Aku tak ingin Ibuku menangis karena kelakuanku kali ini. Tidak. Tidak boleh.
Berpikir, Gior.
Aku memukul-mukul kemudi karena tak ada satu ide pu yang muncul didalam kepalaku. Tak lama, cahaya menyilaukan muncul dan sebuah mobil Lexus berwarna hitam masuk dan parkir di blok yang sama denganku.
Pria itu.
Dengan cepat aku mengambil tas yang berada dikursi penumpang dan keluar mengejar pria itu.
"Hei tunggu!" teriakku pada pria itu, namun dia masih terus berjalan seolah-olah tak mendengarkan teriakanku.

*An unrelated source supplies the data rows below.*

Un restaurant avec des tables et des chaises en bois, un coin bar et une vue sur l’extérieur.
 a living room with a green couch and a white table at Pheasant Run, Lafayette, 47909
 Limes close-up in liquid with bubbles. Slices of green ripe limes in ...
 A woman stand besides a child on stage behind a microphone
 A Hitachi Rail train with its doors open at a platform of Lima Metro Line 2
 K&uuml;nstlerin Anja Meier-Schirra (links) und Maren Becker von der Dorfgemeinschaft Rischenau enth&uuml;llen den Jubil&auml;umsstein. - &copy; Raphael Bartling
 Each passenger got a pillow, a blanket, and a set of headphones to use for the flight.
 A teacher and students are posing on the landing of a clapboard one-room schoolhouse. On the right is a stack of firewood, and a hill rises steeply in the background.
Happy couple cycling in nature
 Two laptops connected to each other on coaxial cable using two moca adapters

Aku berlari semakin cepat, tak mempedulikan tatapan orang-orang yang melihat ke arahku heran karena berlari menggunakan stiletto setinggi 9 cm. Pria itu masih berjalan dengan santainya sambil menjinjing sebuah laptop berlambang apel dengan sudut yang tergigit.
Dengan usaha mati-matian akhirnya aku berhasil menahan tangannya untuk berhenti. Dia menoleh dan menaikkan satu alisnya kepadaku. Memberiku tatapan bertanya.
"Sedari tadi aku meneriakimu!" sergahku. Dia mendelik dan menyentak tanganku. Beberapa kali sentakkan tanganku terlepas dan dia berjalan terus tanpa melirik ke arahku lagi.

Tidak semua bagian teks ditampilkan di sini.